A great way to cook up a rack of lamb is to do it on the BBQ. One of my old favourites is to cook it with indirect heat. Meaning that you first bring the BBQ up to heat, then turn off the burner (s) that will be right under the rack. This pretty well eliminates flare-ups and the rack cooks very nicely.

Ingredients for the recipe are few:
  • Half a rack of lamb per person (about 4-5 ribs)
  • Fresh Rosemary
  • Fresh Garlic
  • That's it.... easy right?


Slivers of garlic and rosemary
Slivers of garlic and rosemary
Take the fresh rosemary and strip it from the stalk. Then peel 2-3 cloves of garlic and quarter each clove lengthwise.

Take the rack of lamb and wash it off under cold water. Pad dry with paper towel. Trim off any excess fat, there should be some on it.

Take a small sharp knife and cut into the loin between each rib and then push a piece of garlic in followed by some rosemary. This will add fantastic flavour to your rack of lamb.

Repeat this for every rib. It is a bit of work, but pour yourself a glass of wine and you will get through it. I saw one logo I like "Wine a bit, it helps"

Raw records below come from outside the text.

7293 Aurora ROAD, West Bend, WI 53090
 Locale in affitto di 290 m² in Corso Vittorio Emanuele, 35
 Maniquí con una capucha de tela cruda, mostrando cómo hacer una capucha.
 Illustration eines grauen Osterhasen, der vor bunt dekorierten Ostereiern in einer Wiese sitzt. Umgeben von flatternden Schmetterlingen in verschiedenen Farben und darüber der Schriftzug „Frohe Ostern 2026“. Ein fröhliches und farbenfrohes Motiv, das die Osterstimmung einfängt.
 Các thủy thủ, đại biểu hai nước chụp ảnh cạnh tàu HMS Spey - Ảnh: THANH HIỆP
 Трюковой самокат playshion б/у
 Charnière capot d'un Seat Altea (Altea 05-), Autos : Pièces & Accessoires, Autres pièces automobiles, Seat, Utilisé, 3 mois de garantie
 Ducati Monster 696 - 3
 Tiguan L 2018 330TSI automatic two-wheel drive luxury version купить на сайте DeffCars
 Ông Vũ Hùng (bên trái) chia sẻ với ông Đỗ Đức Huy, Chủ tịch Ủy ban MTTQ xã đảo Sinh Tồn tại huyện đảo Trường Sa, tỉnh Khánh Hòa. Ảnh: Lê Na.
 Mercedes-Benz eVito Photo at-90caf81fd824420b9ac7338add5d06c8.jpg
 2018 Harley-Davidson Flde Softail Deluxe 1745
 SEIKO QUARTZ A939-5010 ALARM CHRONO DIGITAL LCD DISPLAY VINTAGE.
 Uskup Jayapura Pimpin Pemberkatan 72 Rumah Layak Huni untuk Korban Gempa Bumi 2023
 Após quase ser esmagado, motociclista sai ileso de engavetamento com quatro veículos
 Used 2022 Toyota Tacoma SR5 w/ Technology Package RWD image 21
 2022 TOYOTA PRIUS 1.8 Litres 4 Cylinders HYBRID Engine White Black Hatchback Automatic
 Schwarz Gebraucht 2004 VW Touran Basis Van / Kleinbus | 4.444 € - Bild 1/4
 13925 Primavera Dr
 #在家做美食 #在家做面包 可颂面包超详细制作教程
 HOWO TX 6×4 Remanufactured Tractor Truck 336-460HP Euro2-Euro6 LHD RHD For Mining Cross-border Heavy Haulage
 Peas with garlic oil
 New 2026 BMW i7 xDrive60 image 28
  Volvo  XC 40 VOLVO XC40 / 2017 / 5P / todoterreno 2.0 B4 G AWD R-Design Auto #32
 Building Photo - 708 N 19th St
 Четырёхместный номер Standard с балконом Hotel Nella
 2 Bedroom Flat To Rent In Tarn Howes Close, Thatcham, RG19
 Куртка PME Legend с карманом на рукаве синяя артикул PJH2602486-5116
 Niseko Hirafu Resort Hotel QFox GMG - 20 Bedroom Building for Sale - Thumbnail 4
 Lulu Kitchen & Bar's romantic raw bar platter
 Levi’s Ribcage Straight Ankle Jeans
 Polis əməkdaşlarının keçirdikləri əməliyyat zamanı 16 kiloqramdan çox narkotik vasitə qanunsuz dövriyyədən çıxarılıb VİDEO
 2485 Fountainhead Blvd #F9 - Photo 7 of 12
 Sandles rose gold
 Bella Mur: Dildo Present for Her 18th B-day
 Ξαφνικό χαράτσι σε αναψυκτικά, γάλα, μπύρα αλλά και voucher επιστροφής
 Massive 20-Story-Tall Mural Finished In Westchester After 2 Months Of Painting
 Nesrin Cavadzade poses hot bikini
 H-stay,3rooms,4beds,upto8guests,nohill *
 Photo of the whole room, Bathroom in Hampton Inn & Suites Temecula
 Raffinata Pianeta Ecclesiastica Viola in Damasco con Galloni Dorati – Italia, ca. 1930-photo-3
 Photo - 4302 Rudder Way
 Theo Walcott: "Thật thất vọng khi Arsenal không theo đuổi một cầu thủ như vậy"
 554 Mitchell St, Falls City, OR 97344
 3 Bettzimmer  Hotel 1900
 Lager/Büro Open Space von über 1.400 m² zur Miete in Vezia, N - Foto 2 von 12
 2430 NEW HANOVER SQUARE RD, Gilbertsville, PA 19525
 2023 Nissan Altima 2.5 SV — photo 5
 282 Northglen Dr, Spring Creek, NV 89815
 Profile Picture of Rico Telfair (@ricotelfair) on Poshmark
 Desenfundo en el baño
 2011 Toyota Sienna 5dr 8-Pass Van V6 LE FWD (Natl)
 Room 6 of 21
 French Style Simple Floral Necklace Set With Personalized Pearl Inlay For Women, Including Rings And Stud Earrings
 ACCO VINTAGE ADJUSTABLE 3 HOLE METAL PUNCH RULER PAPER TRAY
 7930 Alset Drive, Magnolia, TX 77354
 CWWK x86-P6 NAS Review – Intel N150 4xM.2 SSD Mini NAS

You're almost done. Now grab some tinfoil and wrap each rib - tip with it. This will help it from getting burnt on the BBQ.

Now is a good time to turn on the BBQ to high heat.  Once up to high heat turn off one or two of the burners depending on the size of your BBQ. If you can turn off one in the middle it is best.

Cut a slit between ribs on the rack of lamb
Cut a slit between ribs

Stuff garlic and rosemary between each rib.
Stuff garlic and rosemary between each rib.

Wrap each rib/bone end or the rack of lamb with tin foil to avoid burn
Wrap each rib/bone end with tin foil to avoid burn

To enhance the flavour, even more, you can add some smoking chips, this is optional though. 
An easy way to do this is to take a handful of smoking chips, say Hickory and soak them for at least ½ hr in water. One to two hours would be preferred.

Then put them on a sheet of tinfoil and wrap it up. Poke 2 or 3 holes in the foil on top so the smoke can come out. Put the foil on one of the burners on the BBQ and it will start smoking in no time.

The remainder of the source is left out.